ADELAIDE - In his reflection, ‘The Ways of Our Ancestors’, Robert Forster raises an important issue for Papua New Guinea..
Tribal fighting was the bane and curse of pre-colonial PNG. It was an affliction that the kiaps strove to suppress as they undertook their pacification and then nation-building tasks.
The kiaps sometimes met violence with violence, but mostly adopted non harmful means to promote conciliation and arbitration in lieu of what would be invariably futile conflict.
Even during the early colonial period, PNG's traditional leaders were quick to understand the benefits that flowed from the creation of a civil society in which warfare was minimised if not entirely eradicated.
Wisely, they chose to mostly work with the kiaps to raise their voices against tribal warfare.
I would argue that the wisdom and cooperation of tribal and clan leaders was critical in allowing nation-building to even begin let alone brought to the point where independence became feasible.

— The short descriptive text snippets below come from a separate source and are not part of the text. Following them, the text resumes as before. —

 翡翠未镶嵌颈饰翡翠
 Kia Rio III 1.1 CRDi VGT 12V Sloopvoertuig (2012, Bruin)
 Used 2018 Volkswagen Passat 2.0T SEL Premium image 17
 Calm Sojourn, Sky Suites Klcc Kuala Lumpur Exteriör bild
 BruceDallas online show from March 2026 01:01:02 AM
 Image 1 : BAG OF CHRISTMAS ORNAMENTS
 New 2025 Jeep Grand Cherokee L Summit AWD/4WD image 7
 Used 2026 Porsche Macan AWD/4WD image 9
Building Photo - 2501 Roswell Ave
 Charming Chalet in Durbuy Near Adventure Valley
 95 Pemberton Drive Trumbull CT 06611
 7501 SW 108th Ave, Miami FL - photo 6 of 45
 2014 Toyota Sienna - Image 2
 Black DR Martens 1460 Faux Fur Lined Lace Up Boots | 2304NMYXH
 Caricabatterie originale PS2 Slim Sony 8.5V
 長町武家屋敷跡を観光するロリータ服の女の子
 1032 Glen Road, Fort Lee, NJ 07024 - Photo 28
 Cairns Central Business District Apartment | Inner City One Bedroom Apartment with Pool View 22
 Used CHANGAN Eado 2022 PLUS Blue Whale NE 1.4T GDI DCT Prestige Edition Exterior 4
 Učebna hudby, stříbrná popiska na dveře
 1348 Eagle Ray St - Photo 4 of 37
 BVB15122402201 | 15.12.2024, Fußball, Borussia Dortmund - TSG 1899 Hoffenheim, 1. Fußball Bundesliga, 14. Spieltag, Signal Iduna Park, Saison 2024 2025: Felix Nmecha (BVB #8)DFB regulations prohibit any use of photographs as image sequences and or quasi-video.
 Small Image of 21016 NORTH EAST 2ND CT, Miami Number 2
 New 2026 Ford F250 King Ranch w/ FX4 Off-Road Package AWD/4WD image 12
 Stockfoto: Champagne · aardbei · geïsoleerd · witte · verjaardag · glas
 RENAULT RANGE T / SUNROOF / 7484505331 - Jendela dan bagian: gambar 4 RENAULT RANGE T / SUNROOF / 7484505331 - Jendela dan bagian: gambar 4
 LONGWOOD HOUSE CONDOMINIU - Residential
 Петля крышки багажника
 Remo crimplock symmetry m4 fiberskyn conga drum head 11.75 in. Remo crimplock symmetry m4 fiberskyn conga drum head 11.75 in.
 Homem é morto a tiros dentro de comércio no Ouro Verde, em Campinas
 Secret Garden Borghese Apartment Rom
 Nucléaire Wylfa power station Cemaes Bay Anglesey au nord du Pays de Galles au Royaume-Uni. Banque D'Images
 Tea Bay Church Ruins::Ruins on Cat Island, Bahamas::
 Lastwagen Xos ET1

No modern civilisation is possible unless the nation state has both the will and the means to control the apparently natural propensity of humans to fight.
Our history shows that we will fight each other to the death over even the most absurd ideas, complaints or ambitions.
Robert Forster has pointed to one example of this tendency. The Scottish borders were for centuries the site of sometimes unspeakable savagery and cruelty.
And as he points out, the memory of that era remains to this day.
Truly, humans are a most aggressive species of animal.